The records:
----------------
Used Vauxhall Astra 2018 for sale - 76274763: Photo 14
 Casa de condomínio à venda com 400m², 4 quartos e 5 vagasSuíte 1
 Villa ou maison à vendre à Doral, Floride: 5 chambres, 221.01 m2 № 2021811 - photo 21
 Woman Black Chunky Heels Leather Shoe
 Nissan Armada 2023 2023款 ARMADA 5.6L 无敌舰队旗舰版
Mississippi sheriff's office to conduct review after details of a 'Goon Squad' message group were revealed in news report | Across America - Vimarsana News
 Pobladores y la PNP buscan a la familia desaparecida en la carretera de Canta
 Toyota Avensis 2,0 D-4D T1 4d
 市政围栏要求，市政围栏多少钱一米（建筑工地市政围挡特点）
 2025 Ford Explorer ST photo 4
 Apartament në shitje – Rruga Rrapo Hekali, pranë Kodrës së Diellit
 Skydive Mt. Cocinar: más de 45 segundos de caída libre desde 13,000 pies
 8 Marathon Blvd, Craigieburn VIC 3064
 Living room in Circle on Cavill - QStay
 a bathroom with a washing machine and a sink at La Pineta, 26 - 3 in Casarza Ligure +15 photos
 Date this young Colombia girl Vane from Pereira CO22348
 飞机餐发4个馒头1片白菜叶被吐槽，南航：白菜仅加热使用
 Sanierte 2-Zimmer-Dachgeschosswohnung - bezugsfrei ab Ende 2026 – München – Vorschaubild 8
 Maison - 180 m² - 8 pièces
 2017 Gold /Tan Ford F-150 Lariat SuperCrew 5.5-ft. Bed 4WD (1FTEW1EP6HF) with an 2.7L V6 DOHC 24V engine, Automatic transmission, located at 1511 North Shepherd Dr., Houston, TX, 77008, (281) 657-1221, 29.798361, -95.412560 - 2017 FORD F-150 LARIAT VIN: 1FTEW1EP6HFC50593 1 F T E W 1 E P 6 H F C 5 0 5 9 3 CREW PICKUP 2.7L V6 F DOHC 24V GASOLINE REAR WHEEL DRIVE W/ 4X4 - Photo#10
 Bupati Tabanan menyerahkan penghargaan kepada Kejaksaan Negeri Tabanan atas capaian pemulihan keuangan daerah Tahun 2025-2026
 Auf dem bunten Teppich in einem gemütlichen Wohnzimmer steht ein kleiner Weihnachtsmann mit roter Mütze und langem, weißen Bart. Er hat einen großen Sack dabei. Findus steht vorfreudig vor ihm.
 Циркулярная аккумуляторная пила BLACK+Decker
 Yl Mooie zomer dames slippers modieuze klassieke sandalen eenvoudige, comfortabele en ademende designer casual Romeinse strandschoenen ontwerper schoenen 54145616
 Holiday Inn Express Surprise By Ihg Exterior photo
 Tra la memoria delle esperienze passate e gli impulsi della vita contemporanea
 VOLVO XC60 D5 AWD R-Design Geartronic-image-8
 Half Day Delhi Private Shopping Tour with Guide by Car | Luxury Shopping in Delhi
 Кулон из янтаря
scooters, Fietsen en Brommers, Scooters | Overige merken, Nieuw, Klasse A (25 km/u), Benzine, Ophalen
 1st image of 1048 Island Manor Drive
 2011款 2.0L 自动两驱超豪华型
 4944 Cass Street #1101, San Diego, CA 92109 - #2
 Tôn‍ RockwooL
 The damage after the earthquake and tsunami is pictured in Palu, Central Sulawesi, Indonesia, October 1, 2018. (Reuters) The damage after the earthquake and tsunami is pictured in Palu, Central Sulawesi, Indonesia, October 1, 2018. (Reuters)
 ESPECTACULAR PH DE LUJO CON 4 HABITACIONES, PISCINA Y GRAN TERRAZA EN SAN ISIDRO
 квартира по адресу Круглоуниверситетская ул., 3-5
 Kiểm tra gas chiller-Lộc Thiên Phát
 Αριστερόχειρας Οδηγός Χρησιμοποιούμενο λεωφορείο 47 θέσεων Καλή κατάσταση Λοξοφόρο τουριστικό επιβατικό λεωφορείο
----------------
What this task involves:
Which lines above contain the word "Ford"? Copy each one.

Reply to the exercise:
 2025 Ford Explorer ST photo 4
 2017 Gold /Tan Ford F-150 Lariat SuperCrew 5.5-ft. Bed 4WD (1FTEW1EP6HF) with an 2.7L V6 DOHC 24V engine, Automatic transmission, located at 1511 North Shepherd Dr., Houston, TX, 77008, (281) 657-1221, 29.798361, -95.412560 - 2017 FORD F-150 LARIAT VIN: 1FTEW1EP6HFC50593 1 F T E W 1 E P 6 H F C 5 0 5 9 3 CREW PICKUP 2.7L V6 F DOHC 24V GASOLINE REAR WHEEL DRIVE W/ 4X4 - Photo#10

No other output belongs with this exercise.